Updated: 8/14/21 2:00 pmPublished: 2/29/08

by james s. hirsch

In the last issue of diaTribe, I described my efforts to gain reimbursement for my continuous glucose monitoring system. I had worn the DexCom SEVEN as part of a six-week trial and had had good outcomes - my A1c dropped from the mid to high 6's to 6.1, and the alarm detected imminent hypoglycemic episodes. Unfortunately, my insurer, Harvard Pilgrim HealthCare of New England, rejected my request for coverage of the sensors ($60 a week) as well as my appeal.

So my final effort was to seek an external review from the Massachusetts Department of Public Health. DexCom helped with my appeal, which included letters from me, DexCom, and my physician, as well as recent medical records showing the improved A1c. The appeal cost me $25, and the package was sent on December 12.

The decision didn't take long.

On December 22, I received a letter from a company called Imedics (Independent Medical Expert Consulting Services in Lansdale, Pa.), which had been hired by the Massachusetts health department to rule on my appeal. The actual reviewer was identified only as "#B027," who is "board certified in Internal Medicine and Endocrinology. Currently holds a position at a university medical center as a clinical professor."

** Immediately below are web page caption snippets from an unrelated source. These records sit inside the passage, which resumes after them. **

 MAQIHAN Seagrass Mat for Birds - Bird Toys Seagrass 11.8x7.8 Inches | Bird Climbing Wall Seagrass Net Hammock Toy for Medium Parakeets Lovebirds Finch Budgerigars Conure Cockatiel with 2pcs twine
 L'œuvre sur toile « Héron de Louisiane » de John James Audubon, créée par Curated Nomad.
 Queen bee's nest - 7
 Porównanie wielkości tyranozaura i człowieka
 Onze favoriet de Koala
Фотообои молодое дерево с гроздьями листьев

#B027 got right to the point. "Dear Mr. Hirsch: The independent reviewer has overturned in whole the original decision in regard to your external appeal."

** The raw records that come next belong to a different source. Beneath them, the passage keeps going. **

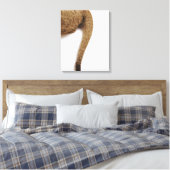 Leeuwenwelp (Panthera leo) tegen wit 2 Canvas Afdruk (Insitu (Slaapkamer))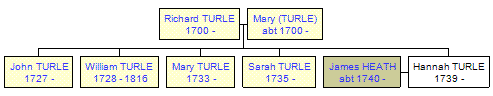 Mini tree diagram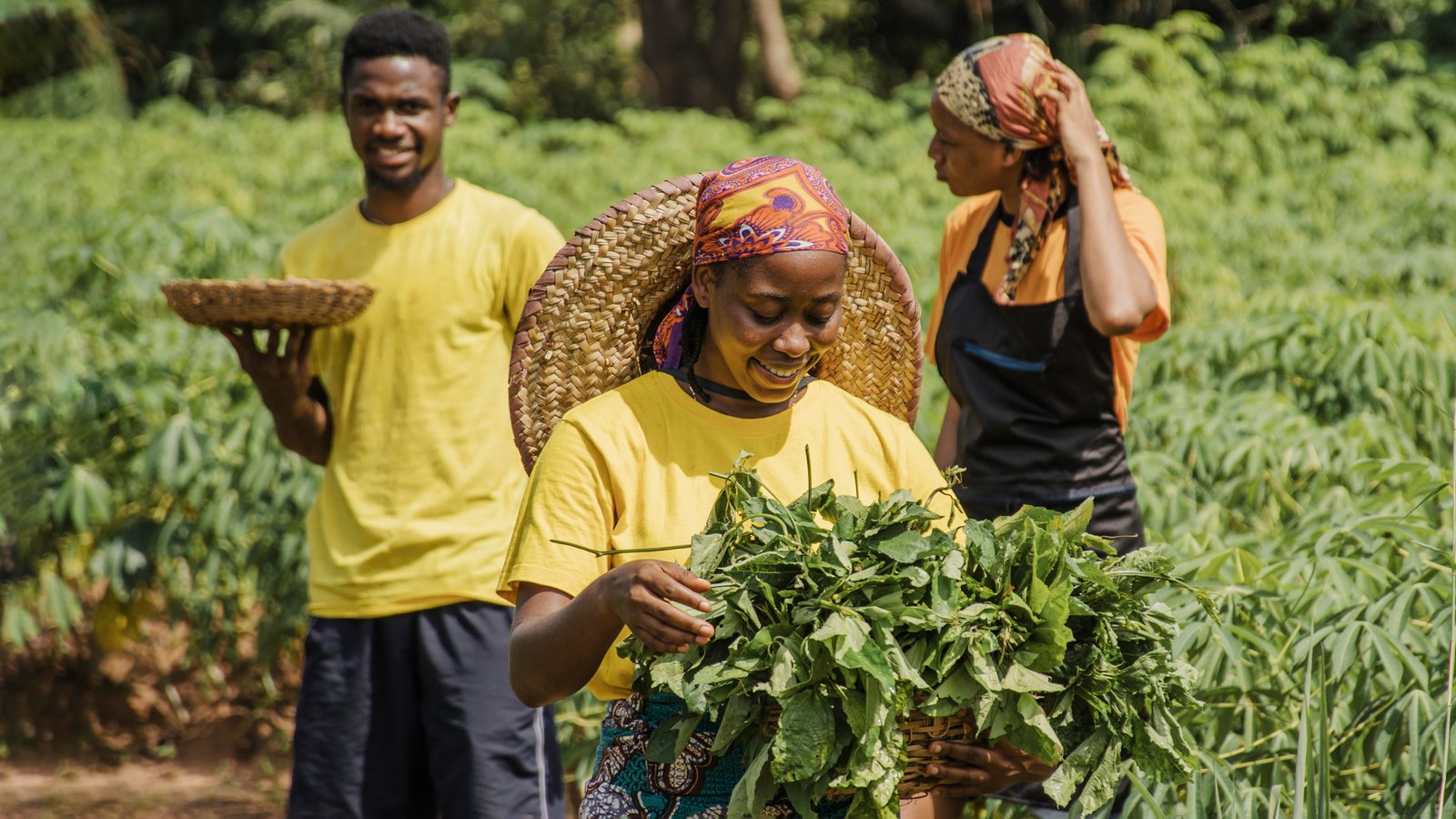 Community farm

Male or female, I could have given #B027 a kiss right then and there.

#B027 recounted the facts of the case, noting that I had had a car accident from a hypoglycemic experience and that my control improved with the DexCom. Harvard Pilgrim did not dispute those facts; rather, it rejected reimbursement because my health care plan states that "continuous glucose monitoring systems are covered when used in conjunction with an external ambulatory insulin infusion pump," and my insulin pump is not physically linked to my CGM - it's not a closed-loop system or even a partially closed-loop system.

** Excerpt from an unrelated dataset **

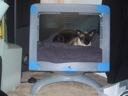 Kitty Hut-3 (Sasha)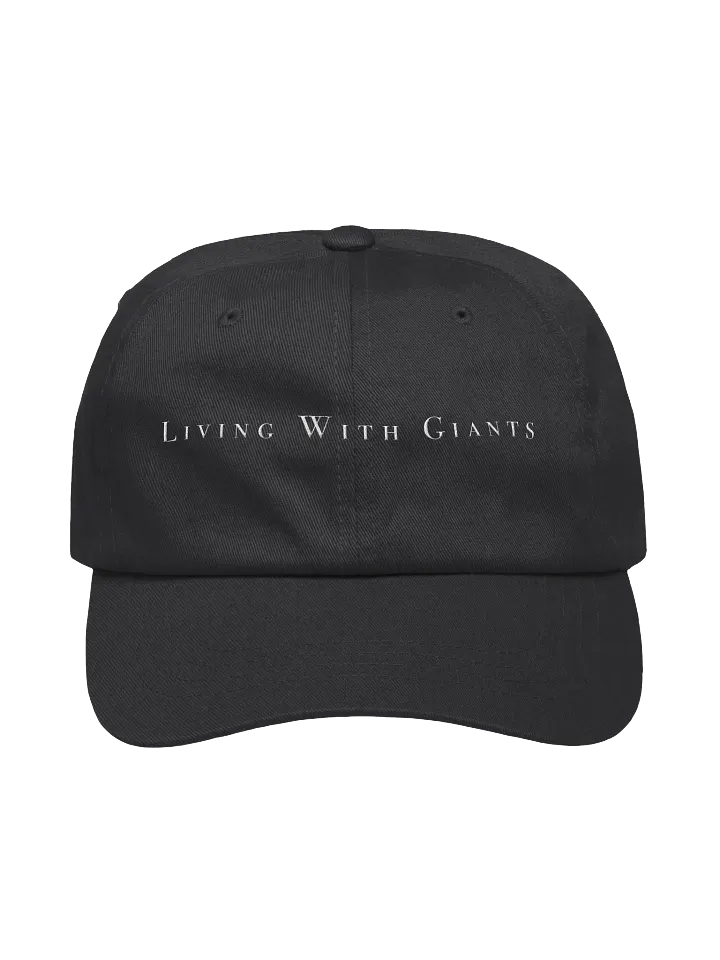 Classic Comfort Dad Hat product image (1)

But wait! #B027 found a loophole in this closed-loop logic. "The definition does not explicitly state that the monitoring system must be physically attached to the pump," #B027 wrote. "It merely states that the system must be used with (in conjunction with) the pump."

So by redefining the word "conjunction" - concluding that it does not imply "physically linked" -- #B027 decided that the DexCom is indeed a covered benefit. #B027 also noted that the sensors will cost Harvard Pilgrim far less money than a new pump that is attached to the sensors.

Obviously I'm pleased, but the entire experience is a window into how dysfunctional our reimbursement system is. #B027's language more closely resembled a legal brief than a medical endorsement, and why wouldn't #B207 rule in my favor? #B027 is a doctor, and doctors are supposed to care about patients. They don't care about an insurer's bottom line. Not surprisingly, DexCom told me that it's won most of its external appeals.

The moral of the story? If you're seeking reimbursement, be organized, be persistent, and get the decision out of the hands of the insurer as soon as possible.

And if all else fails, ask for #B027, and give the good doctor my regards.

What do you think?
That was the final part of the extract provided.